Yesterday I filled in a survey as a favour for someone whose daughter is doing a PhD in psychology. The survey is one that is apparently given to members of the prison population and, as part of the PhD project, the researcher is administering the survey to the general population. I didn’t ask too many questions about the project since it was an anonymous survey, but of course I was curious. I wondered if it was a project that sought to trace similarities or differences between the two populations. My curiosity was further piqued when I read the first part of the survey. Aside from demographic information, the survey asked about the extent to which the participants watched television, with a particular emphasis on crime genres. It asked the respondent to indicate whether they had watched any of the listed programs. They were all forensic-based programs, whether drama or non-fiction, and I refrained from writing ‘not if you threatened to remove my toenails!’ next to CSI and its franchises. The survey offered space for the respondent to write down any other ‘crime’ programs s/he had watched. I debated whether Oz was a crime show, since it didn’t focus on criminal investigation. In the same vein, I had an internal debate about whether to write down The Sopranos. This is what happens when you think about television and genre on a regular basis, you start to complain that the creators of psychological surveys haven’t addressed genre hybridity in their attempt to assess the criminal propensities of the general population from their television viewing habits.

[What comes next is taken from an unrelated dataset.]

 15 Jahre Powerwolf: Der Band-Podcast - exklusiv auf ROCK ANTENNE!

Then I began to be suspicious that I was taking part in a dubious Effects/Cultivation Theory study because the next few questions asked me to assess the extent to which I believed I knew about forensic science (nothing) and criminal investigation (next to nothing). It was only because I like the person who asked me to fill in the survey that I didn’t toss the whole thing in the bin then and there.

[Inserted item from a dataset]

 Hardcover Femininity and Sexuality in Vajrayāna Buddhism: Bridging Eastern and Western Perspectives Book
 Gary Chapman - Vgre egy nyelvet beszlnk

The second part of the survey asked a number of questions about the respondent’s perception of their illegal activities. For the purposes of the survey in its ‘general’ population incarnation, jaywalking or lying could be considered illegal. Luckily, I have stolen 1 ¼ dozen eggs in my life time, so I didn’t have to resort to such sophistry so the researcher might glean insight into the criminal mind. The survey asked whether the respondent blamed society for his or her resorting to illegal acts. Here I refrained from writing an essay on entrenched structural inequalities—but only just. One of the other questions I remember concerned the extent to which the respondent might rationalise his or her criminal activity as harmless by comparing it to the large scale corruption that occurs in state and corporate enterprises. For a brief moment I wondered if I should feel worse about my egg thievery, but then I realised I have already expressed more regret about that than the AWB and Federal Government ever have over their role in the distortion of the UN Oil for Food Program.
Before I put the survey in the envelope and handed it over, I began to go through my answers, trying to second guess how they might expose something psychologically untoward about me. I stopped when I realised I had probably already revealed an untreatable degree of perversity when I’d circled a grammatical error in one of the questions, and perhaps something else when I’d crossed out a row of unnecessary and confusing numbers.
3 comments:
oh my god - you rock.
i'm laughing and laughing...
do you want to fill out my graduate directions survey for me? It promises cash prizes.
Cash prizes?! That's it, I'm never filling in a survey gratis again.